High-quality pasta has a golden colour with a vaguely translucent appearance. At the touch, it should feel porous. Just looking at it will give you joy.

Without any doubt, the best pasta in the world is made in Italy. Don't be fooled by packages that say "Imported from Italy". That means the pasta could be made elsewhere, and brought over to Italy just so that it can have the Italian name on it.

Also, don't trust big companies like Barilla. Their pasta is not Italian anymore, but made locally, often from low quality local non-durum wheat flour -- in Italy that's even forbidden by law. Barilla, if you are reading this, please don't forget your Italian roots: never save money on making pasta.

Use the best pasta available. I recommend you look for Italian favourites like De Cecco or Voiello. De Cecco is probably one of the best pastas you can buy outside of Italy.

PASTA SECRET #4: COOKING

Once the water is ebullient, and by that I mean boiling with zest, add the salt.
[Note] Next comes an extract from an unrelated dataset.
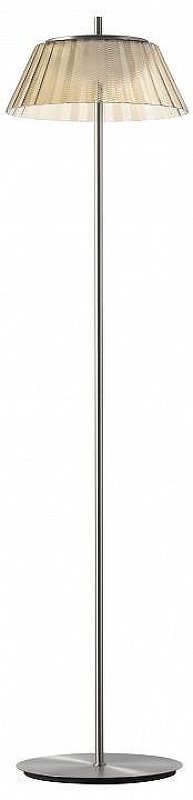 Торшер Lightstar Napoli 794713 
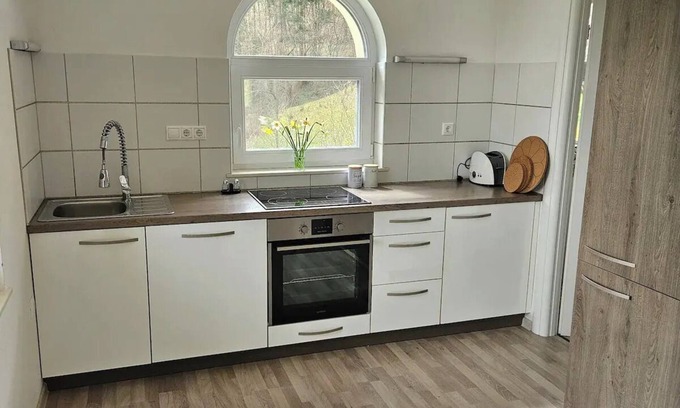 Podcetrtek Cottage | House Tereza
Wait for the salt to dissolve -- when the water starts boiling again add the pasta.

Don't just throw the pasta in the pot. Submerge it completely all at once, at the centre of the pot where the boiling is most intense. That will allow a more even cooking.

Once it is all submerged, stir it immediately and keep stirring every minute or so. Use a wooden fork. Wood is better than metal. The metallic vibration would lessen the mysterious alchemy between salted water and pasta taking place right in front of your eyes.

Never add oil. Oil coats the pasta and causing it to repel rather than absorb the sauce. Oil is needed only if you use low-quality pasta, which tends to get glued together.

Bu sure not to overcook the pasta -- on Italian packages the cooking time is usually printed correctly.

If the package doesn't indicate the cooking time, just sample a strand of the pasta. Break it, and see if the inside -- "heart of the pasta", as we call it in Italy -- is still whitish. That means the pasta is still not cooked.

This is the most critical part of all. It is almost a matter of intuition. The only way of describing it is that you need to stop cooking at precisely the right moment when the whiteness at the "heart" is disappeared, but its shadow is still lingering. Once the whiteness is just gone, it's time for draining.

Pasta should be served "al dente", which literally means "firm to the tooth."
Better to stop cooking a few seconds sooner than later, since the pasta will in any case continue cooking for a little while after you drain it.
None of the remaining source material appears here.